It’s a common phenomenon. The first time homebuyers have done all the right stuff. They’ve saved for a down payment, run their credit report, pre-qualified for the loan. You’ve shown them dozens of properties. Maybe hundreds. And yet. . . and yet. . . they are still not quite ready to make an offer.
What’s a Realtor to do?
First, you have to empathize with the emotions that are behind this behavior. The insecurity comes from several heavy duty what-ifs:
- What if we’re making a mistake?
- What if there’s something better out there?
- What if we don’t like our new neighbors/schools/commute?
- What if we are paying too much?
- What if we lose a job or have another baby?
These and many other issues are flying around in the buyers’ minds like a swarm of nervous bees. With all that noise, it’s impossible to have a conversation about possibilities. Your job is to reassure them enough to get that offer on paper. Here’s how:
- Review the numbers.

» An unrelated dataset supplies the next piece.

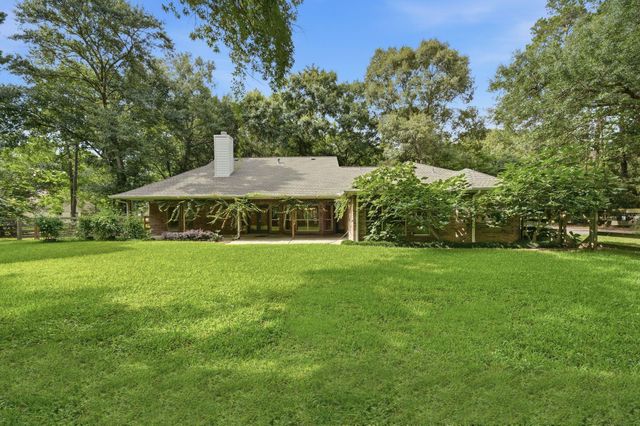 5925 Ranch Lake Drive, Magnolia, TX 77354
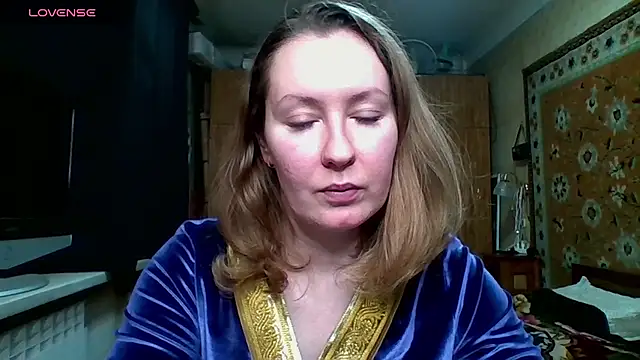 AnnaXLovers online show from 12-28-24, 09:20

Sit down with the buyers and go over their budget. Talk about homeowner’s insurance, utilities, maintenance, property taxes. Point out the benefits of the mortgage tax deduction. Discuss creative ways to reduce expenses in case of a real emergency, such as illness or job loss.
- Make a wish list. Many homebuyers, first time and otherwise, confuse their wants with their needs. They want a home theater. They need to be located in a great school district. They want room for a garden or a pool. They need a lot of storage space. Help them separate these things into two lists—need to have vs. nice to have. If you can zero in on properties with most or all of the need-to-haves and maybe one or two nice-to-haves, you’ll be moving them closer to the offer stage.
- Stop the surfing. First time buyers can become addicted to the Internet. They will be logging on 15 times a day, looking for any new listing that has popped up. Promise them that you will be their surfer and that you’ll call them immediately whenever a property that fits their profile hits the market. This strategy will save you, and your buyers, a lot of time and unnecessary phone calls.
- Hold a seminar. Even though you’ve probably had casual conversations about things like buyer’s vs. seller’s markets, interest rate trends, and other relevant topics, pulling it all together in one well organized meeting is very reassuring to first-timers. Some firms hold first-time homebuyer seminars regularly and invite all their clients or prospective clients. It’s good to have a deck of Power Point slides on your computer, so you can either present these concepts to a group, or easily go one-on-one with a buyer.
- Talk resale. When someone is contemplating buying for the first time, selling that very home is probably the last thing on their mind. But it shouldn’t be. When you are able to point out the resale potential of a property, it will go a long way toward reassuring nervous buyers that they will have options if they fall on hard times or outgrow the home due to changing family situations.
- Put it in writing. Assure your buyers that, once they have made a decision, you’ll protect them from losing their dream home by making sure everything is in writing and delivered promptly to the seller’s agent. Too many buyers have heard horror stories about telephone offers made and accepted, only to get there a day later with the paperwork and find that the seller has accepted another offer. Follow up and follow through and let your buyers know that you won’t be sending that bottle of champagne until everything is in order.
- Don’t hide the hidden fees. Novice buyers are often unhappily surprised when they come to closing and are faced with all kinds of costs they didn’t anticipate, such as appraisal fees, escrow fees, credit report fees, home inspection costs, prepaid taxes and insurance etc. etc. It’s enough to make a nervous buyer walk (or run) right out the door. Bring these items up ahead of time so there are no last minute meltdowns.
- Falling in love is NOT wonderful. There’s a flip side to all the nervousness that first time homebuyers experience, and that’s falling in love with a home. This brings about a bad case of blindness whereby the prospective buyer is unable to see the dripping water pipes, the leaky roof, the deteriorating porch steps. Keep a couple of DVDs on hand for these occasions— Blandings Builds His Dream House or The Money Pit usually work well.
Cold feet can be warmed up, as we have described. But buyer’s remorse a month from now or a year from now will haunt you in a dozen unpleasant ways. Don’t let it happen to you.
Whatever state of mind your first time buyers are in right now, these are ways of forwarding the action and getting them to reach a decision they will be happy with, both short and long term. And that’s what keeps clients coming back for more.